Movie Review: Friends with Kids

The premise: Jon Hamm, Kristen Wiig, Maya Rudolph, Chris O’Dowd (no I’m not talking about Bridesmaids), Jennifer Westfeldt and Adam Scott are a set of pretty good looking set of friends. SPOILERS AFTER THE JUMP.

Jason (Scott) and Julie (Westfeldt) are on their way to meet their friends. In the cab ride to the restaurant, they are complaining about a set of their friends who just had kids and now never have time to hang out. Once Julie and Jason arrive to meet their friends, Ben (Hamm) and Missy (Wiig) are missing and Leslie (Rudolph) and Alex (O’Dowd) are waiting for them. Once Ben and Missy return to the table, the group of friends notice a misbehaving child a few tables over. As four of them begin to complain about the child acting like a child with no discipline, Alex and Leslie announce that they are expecting. Awkward silence followed by congratulations.

Cut to four years later when Jason has continued his inability to commit and Julie has not been able to get a guy to take her on a second date, the six friends get together to celebrate Leslie’s birthday. Now Leslie and Alex have two kids and Ben and Missy have a newborn. After leaving Leslie’s birthday, Jason and Julie start talking about kids and the relationship baggage that goes along with having children. Eventually they decide that the best thing they can do is have a child together without actually being together.

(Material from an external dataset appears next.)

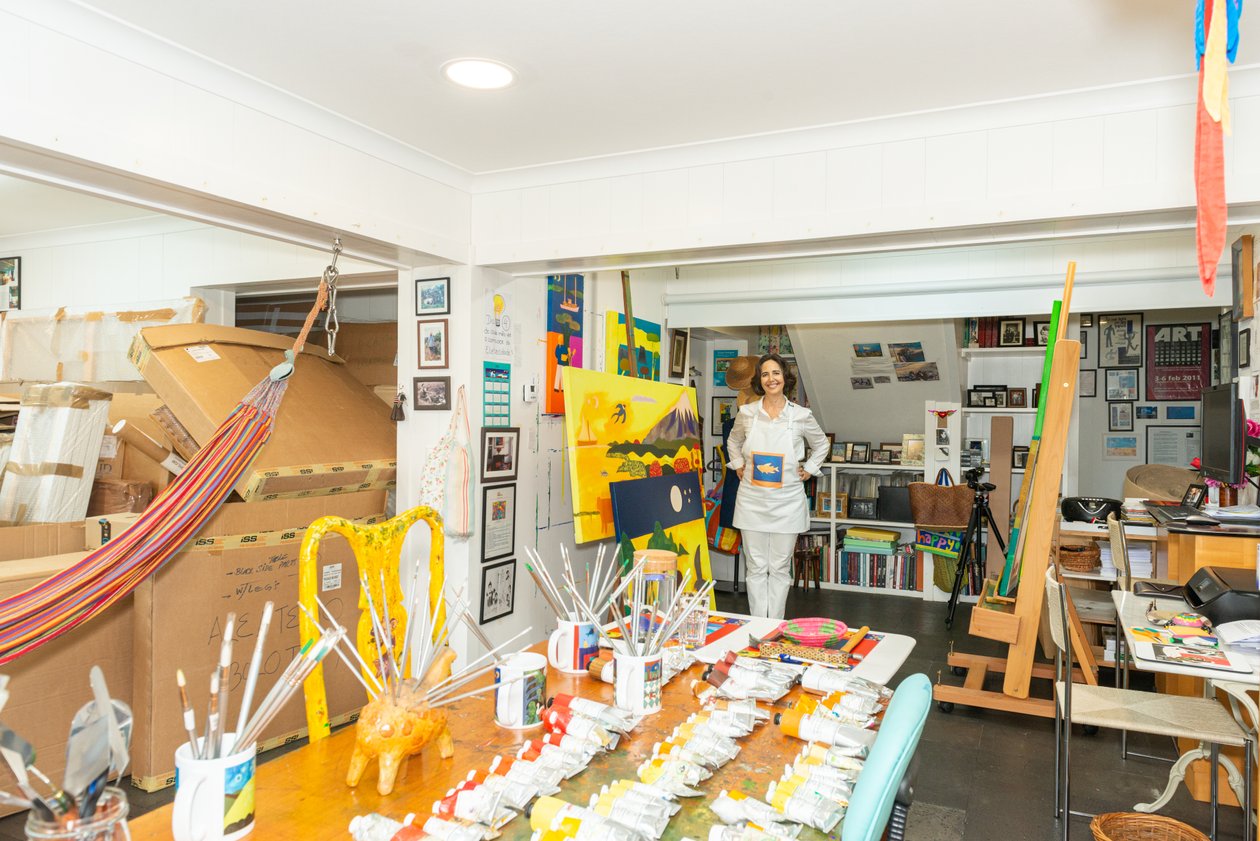 Cristina Rodriguez i sin studio, 2022 av Bartolome Esteban and studio Murillo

At first things are great. Jason keeps seeing women he is unable to commit to and Julie goes on first dates that go nowhere. But then they both start seriously dating other people and things change. What comes after is funny, awkward, uncomfortable and real. A scenario where you can have a child with someone you know, but aren’t with and having things go right 100% of the time is undoubtedly trying. Having a child with someone is an emotional thing and emotions are complicated.

As the movie’s writer, director, producer and female star, Jennifer Westfeldt gets it right in this movie. Friends with Kids does a great job exploring how relationships change as a result of kids. Not just between the parents, but among a group of friends that couldn’t imagine that having kids will change their relationships with each other.

The movie feels a bit long (the way Judd Apatow movies do), but it’s never dull. This one is definitely worth your hard earned money.